VideoNorms introduces a cross-cultural benchmark for evaluating cultural awareness in video-language models, pairing US and Chinese norms with 15-second video clips and three evaluation tasks. A three-stage workflow—clip selection, speech-act theory prompted teacher annotations, and human verification—produces a dataset of over 1000 (video clip, norm) pairs with verbal and non-verbal evidence and norm-generation outputs. The authors benchmark open-weight VideoLLMs and reveal systematic gaps: norm violation detection is harder than adherence, CN norms are harder than US norms, non-verbal cues are underutilized, and formal contexts exacerbate difficulties, with models largely similar in performance. The work highlights the need for culturally grounded training and larger-scale cross-cultural evaluation to ensure VideoLLMs generalize across global contexts and social norms.

Abstract

As Video Large Language Models (VideoLLMs) are deployed globally, they require understanding of and grounding in the relevant cultural background. To properly assess these models' cultural awareness, adequate benchmarks are needed. We introduce VideoNorms, a benchmark of over 1000 (video clip, norm) pairs from US and Chinese cultures annotated with socio-cultural norms grounded in speech act theory, norm adherence and violations labels, and verbal and non-verbal evidence.
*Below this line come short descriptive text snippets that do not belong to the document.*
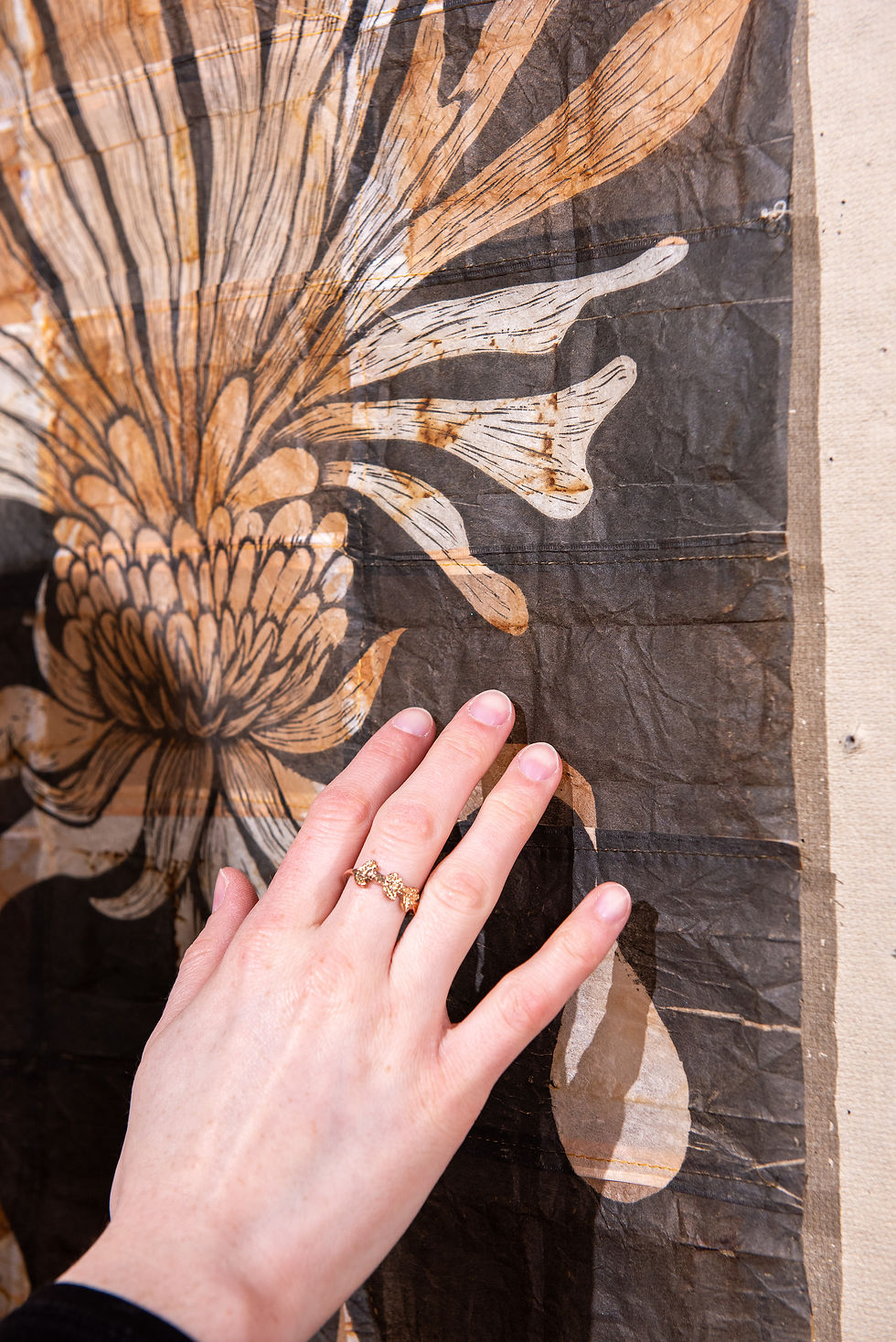 Pictured: block print on hand-sewn tea bag paper.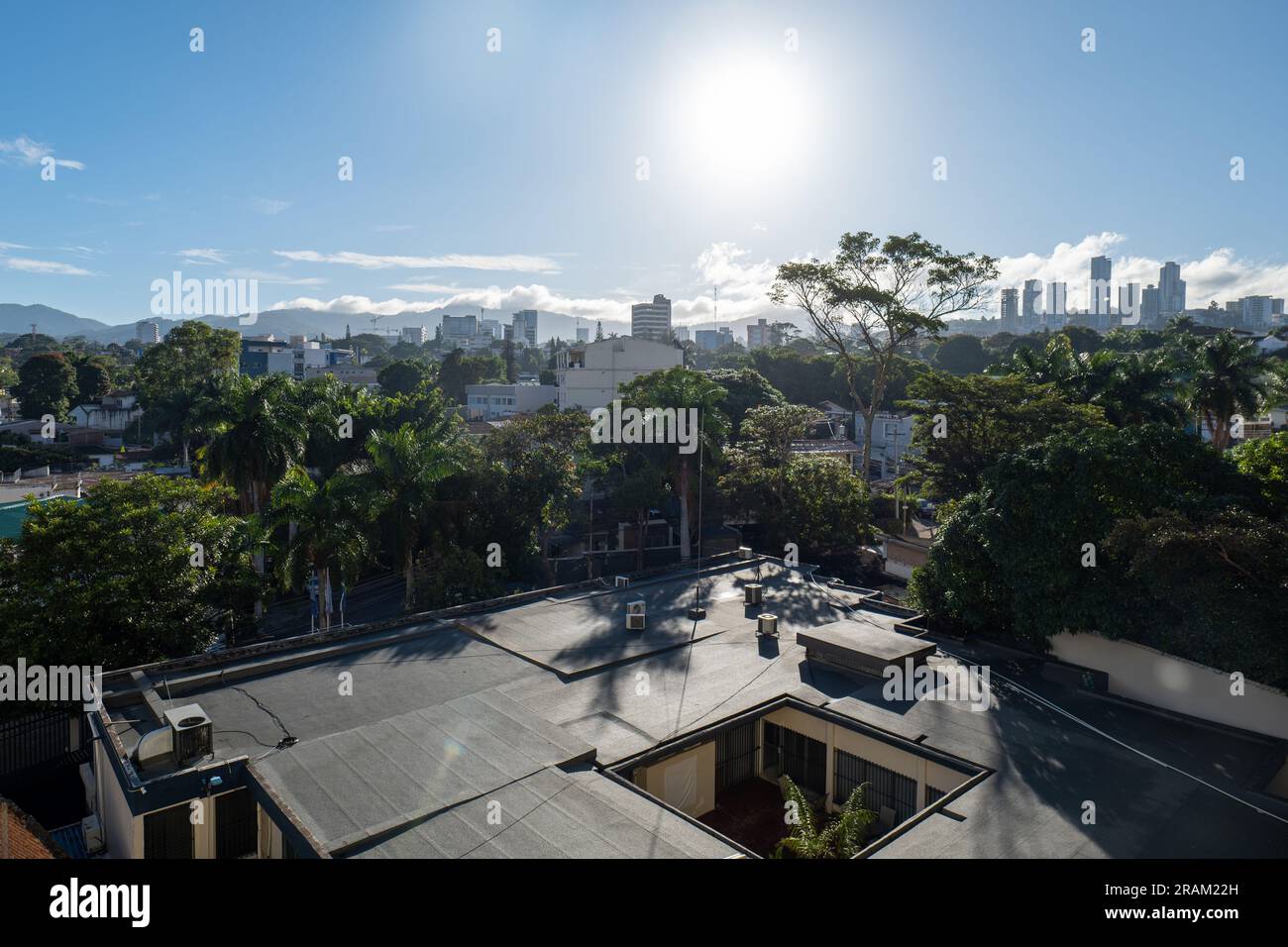 Tegucigalpa, Francisco Morazan, Honduras - December 7, 2022: Panoramic View of the City with Houses, Buildings, and Trees Surrounded by Green Mountain Stock Photo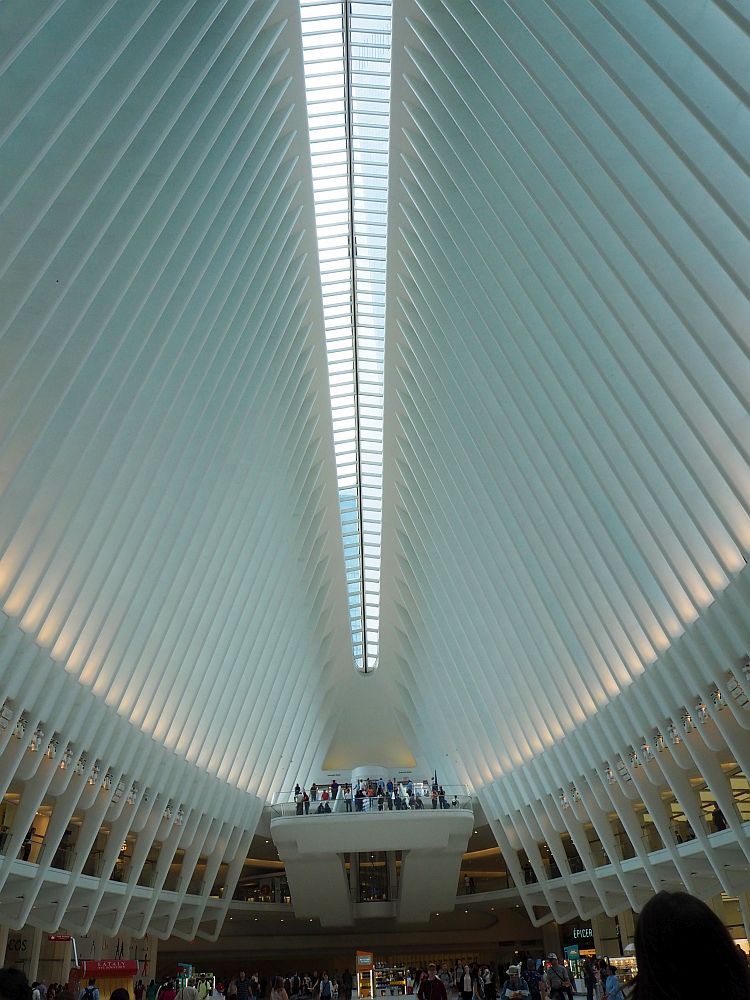 A soaringly high ceiling extends ahead, with a large stairway and some very small people visible at the far end. Along the top, the peak of the ceiling, is a double row of windows letting light in. The side walls are ribbed with vertical ribs.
To build VideoNorms, we use a human-AI collaboration framework, where a teacher model using theoretically-grounded prompting provides candidate annotations and a set of trained human experts validate and correct the annotations. We benchmark a variety of open-weight VideoLLMs on the new dataset which highlight several common trends: 1) models performs worse on norm violation than adherence; 2) models perform worse w.r.t Chinese culture compared to the US culture; 3) models have more difficulty in providing non-verbal evidence compared to verbal for the norm adhere/violation label and struggle to identify the exact norm corresponding to a speech-act; and 4) unlike humans, models perform worse in formal, non-humorous contexts. Our findings emphasize the need for culturally-grounded video language model training - a gap our benchmark and framework begin to address.

Paper Structure

This paper contains 38 sections, 5 figures, 8 tables.

Figures (5)

  • Figure 1: VideoNorms Dataset Construction: left panel shows teacher VideoLLM generations using speech act theory prompting; right panel shows the expert annotator editing process.
  • Figure 2: Examples of Gemini-generated normative behavior annotations and corresponding human refinements for US (left) and Chinese (right) shows, as recorded through the annotation interface.
  • Figure 3: F1 score distributions with 95% CIs by norm category for the US, for Tasks 1, 2 (non-verbal), 3.
  • Figure 4: Detailed instructions provided on the first page of the user interface. The page is cut into 5 screenshots, from left to right, in this figure.
  • Figure 5: User Interface shown to annotators. It comprises of a 15 second clip with an option to edit the predicted norm from Teacher model.